Circular Talk mit Stephan Bachmann, CEO von World of Pi

“Wer heute schon zirkuläre Kriterien fordert, verändert nicht nur das eigene Produktportfolio – sondern den Markt.”

Wie bleibt eine Branche profitabel, wenn weniger verkauft werden soll? Stephan Bachmann, ehemaliger CEO von Architonic, setzt mit seinem Start-up World of Pi auf die Antwort der Zukunft: Zirkularität. Im Circular Talk mit CLIMATEX spricht er über smarte Produktpässe, digitale Infrastrukturen und warum der Wandel in der Interior- und Architekturbranche nur dann gelingt, wenn Produkte selbst zum Wertträger werden.

 

CLIMATEX: Von Architonic zu World of Pi – erzählst du uns, wie dein Weg dich zur Gründung eines Start-ups für zirkuläre Produktlösungen geführt hat?

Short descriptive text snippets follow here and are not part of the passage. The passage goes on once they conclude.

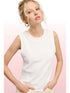 RIBBED BASIC TANK TOP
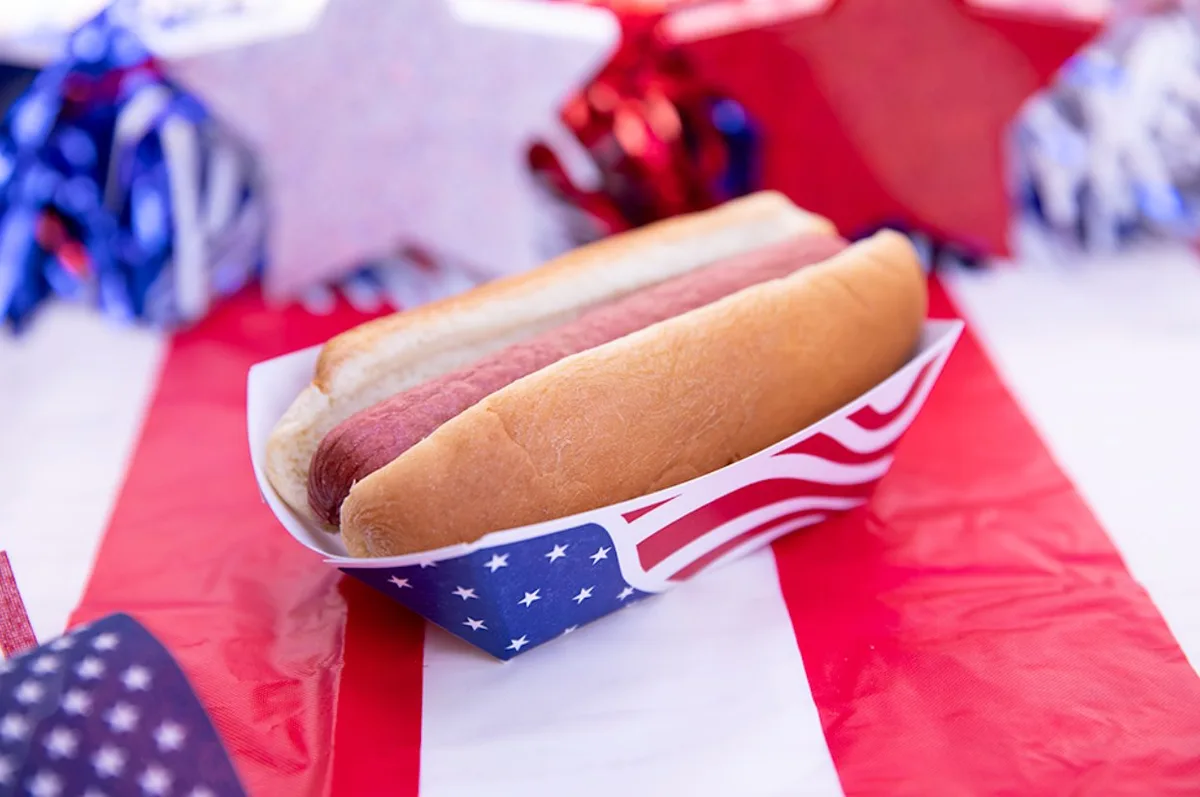 Charola para Alimentos #50  U.S. Flag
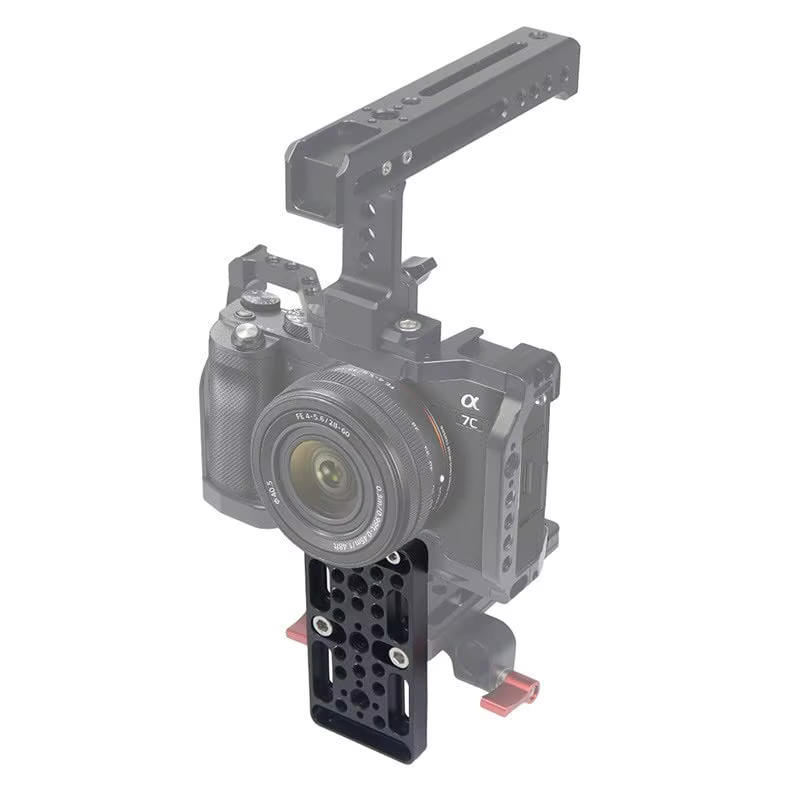 Plaque de commutation polyvalente pour appareils photo reflex numériques, plaque facile, plaque de fromage, chaussure froide ARRI, tiges de queue d'aronde Railblock, 1/4, 3/8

Stephan Bachmann: Ich habe Informatik studiert und war später CEO von Architonic, ArchDaily und Designboom – Plattformen, die tief in der Design- und Architekturwelt verankert sind. Mit World of Pi begleiten wir genau diese Branchen in eine nachhaltige Zukunft: Wir entwickeln digitale Lösungen, wie smarte Produktpässe, die es für Herstellende einfacher machen, Produkte im Kreislauf zu halten und dabei neue Geschäftsmodelle zu erschliessen.

Was sind eure konkreten Ziele mit World of Pi?

Wir wollen wirtschaftliches Wachstum vom Ressourcenverbrauch abkoppeln, die Circular Economy als Norm etablieren und als digitale Infrastruktur für die zirkuläre Möbelindustrie fungieren. Unser Ziel ist es, in den nächsten Jahren möglichst viele Produkte smart zu machen, um Nachverfolgung, Pflege, Reparatur, Wartung, Ersatzteilbestellung, Rückholung und Wiederverkauf zu vereinfachen. Es geht um neue Einnahmequellen für Herstellende, während diese dafür sorgen, dass ihr Produkt länger lebt.

«Die Branche will nicht noch eine Insellösung, sondern eine Infrastruktur, die mitwächst.»

Stephan Bachmann
CEO & Co-Founder World of Pi

Ihr habt schon ein spannendes Brand-Portfolio für World of Pi gewinnen können. Was hörst du aus der Branche?

Unsere Partner – von Zumtobel über Girsberger bis Ruckstuhl – sie alle setzen auf unsere digitalen Lösungen wie smarte Produktpässe oder Recommerce-Shops. Was wir hören ist, dass der Wille zur Veränderung da ist, es aber einfache, skalierbare Lösungen braucht. Zudem will die Branche nicht noch eine Insellösung, sondern eine Infrastruktur, die mitwächst.

Ihr bietet Antworten auf die Frage «Wie bleiben Herstellende profitabel, wenn nachhaltiges Handeln bedeutet, dass weniger neue Produkte verkauft werden?» – kannst du das ausführen?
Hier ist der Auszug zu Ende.